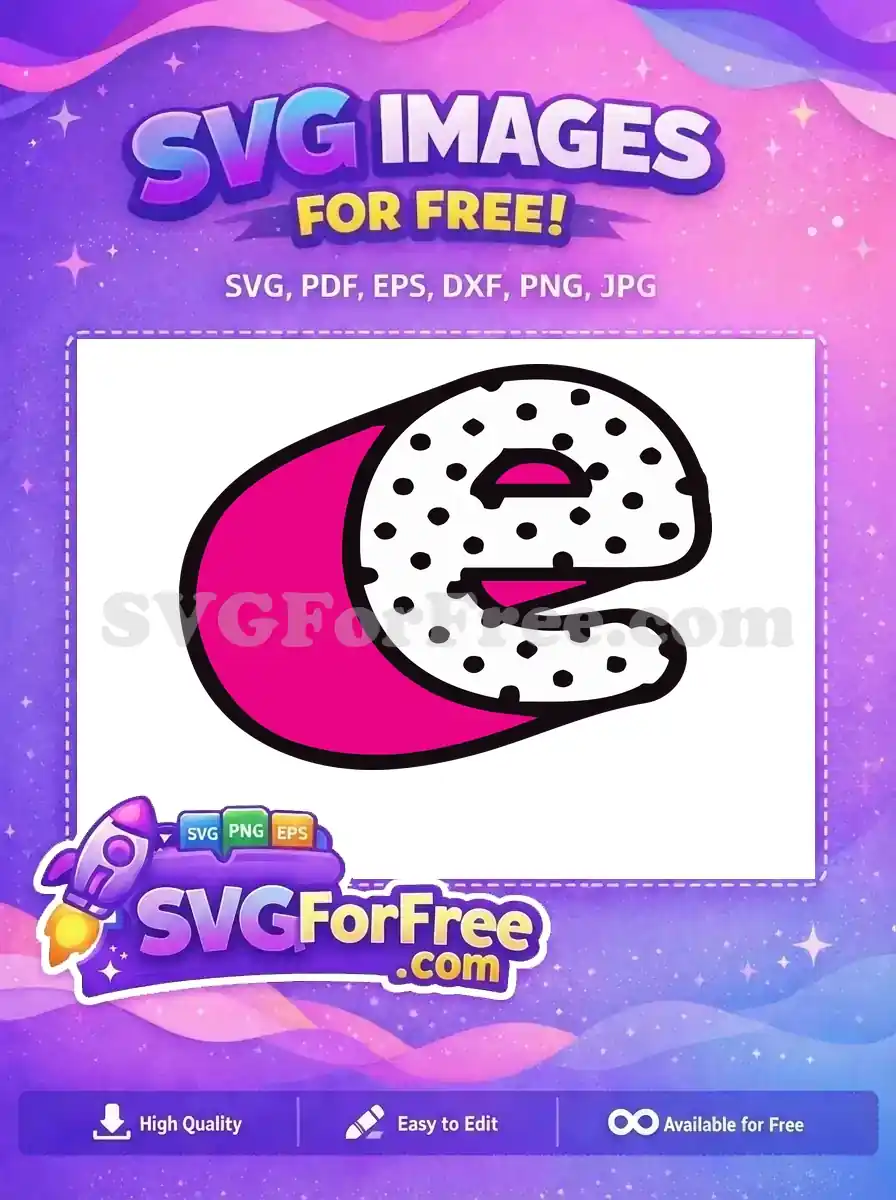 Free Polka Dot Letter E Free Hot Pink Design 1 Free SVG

...

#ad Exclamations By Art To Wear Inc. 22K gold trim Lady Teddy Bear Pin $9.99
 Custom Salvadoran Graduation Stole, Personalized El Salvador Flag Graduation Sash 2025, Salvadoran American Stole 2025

---

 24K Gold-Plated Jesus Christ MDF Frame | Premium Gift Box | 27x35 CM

## PROMPT
In the listing above, find the line with "#ad Exclamations By" and the line with "Custom Salvadoran Graduation". Output those two lines and every line between them, exactly as written.

## FINISHED EXERCISE
#ad Exclamations By Art To Wear Inc. 22K gold trim Lady Teddy Bear Pin $9.99
 Custom Salvadoran Graduation Stole, Personalized El Salvador Flag Graduation Sash 2025, Salvadoran American Stole 2025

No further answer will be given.